Set down exactly the lines below between the line holding "Pull à capuche 12 ans - photo numéro 3" and the line holding "路口掉头啥时能掉 啥时不能掉 咋掉 路口掉头啥时能掉 啥时不能掉 咋掉", inclusive; no other line belongs in the answer.

Provided material:
________________

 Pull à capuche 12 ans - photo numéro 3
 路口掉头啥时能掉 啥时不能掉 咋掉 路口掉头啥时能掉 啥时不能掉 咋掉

________________

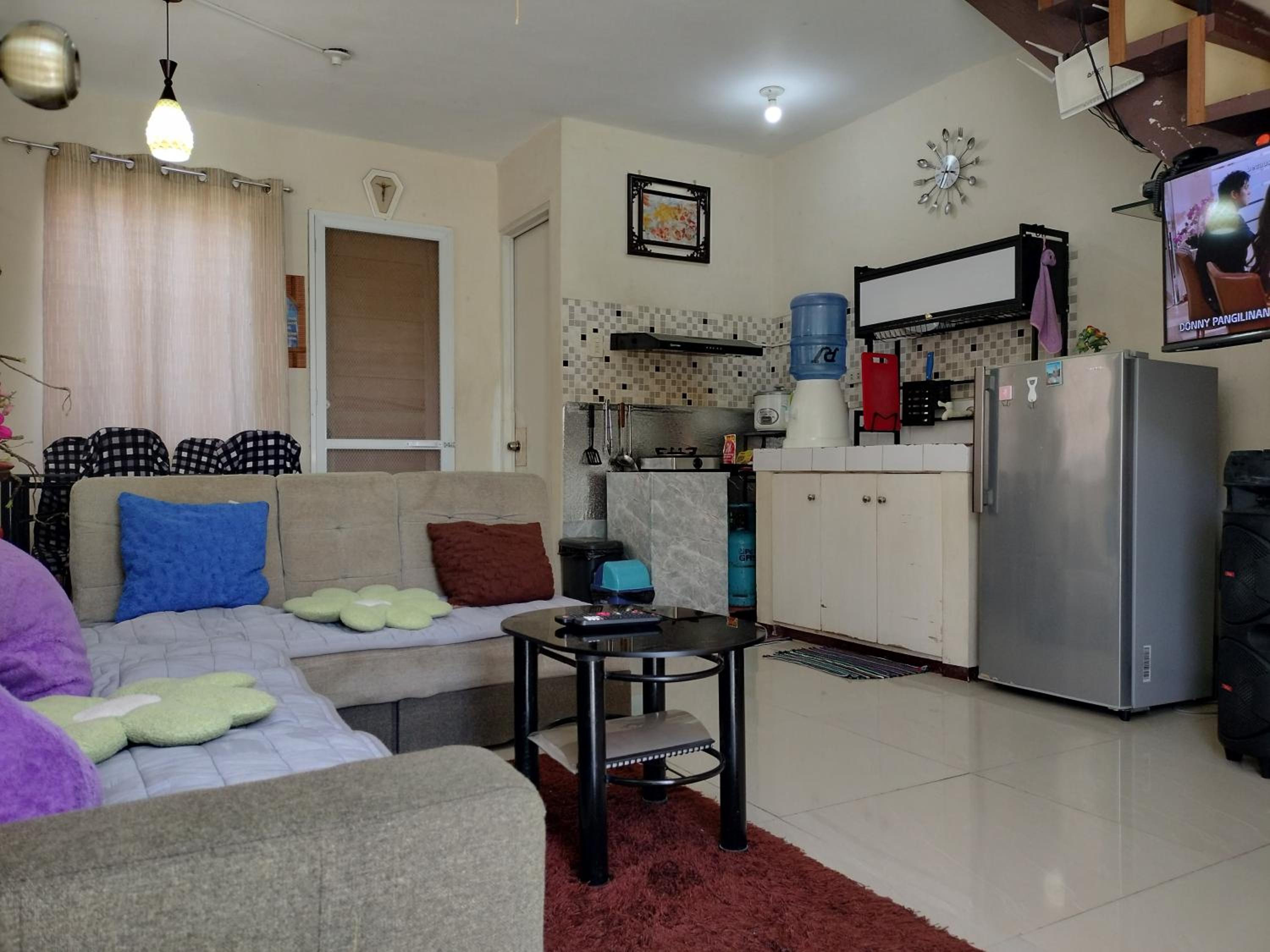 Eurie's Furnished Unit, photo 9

________________

Solution for this task:
 Pull à capuche 12 ans - photo numéro 3
 路口掉头啥时能掉 啥时不能掉 咋掉 路口掉头啥时能掉 啥时不能掉 咋掉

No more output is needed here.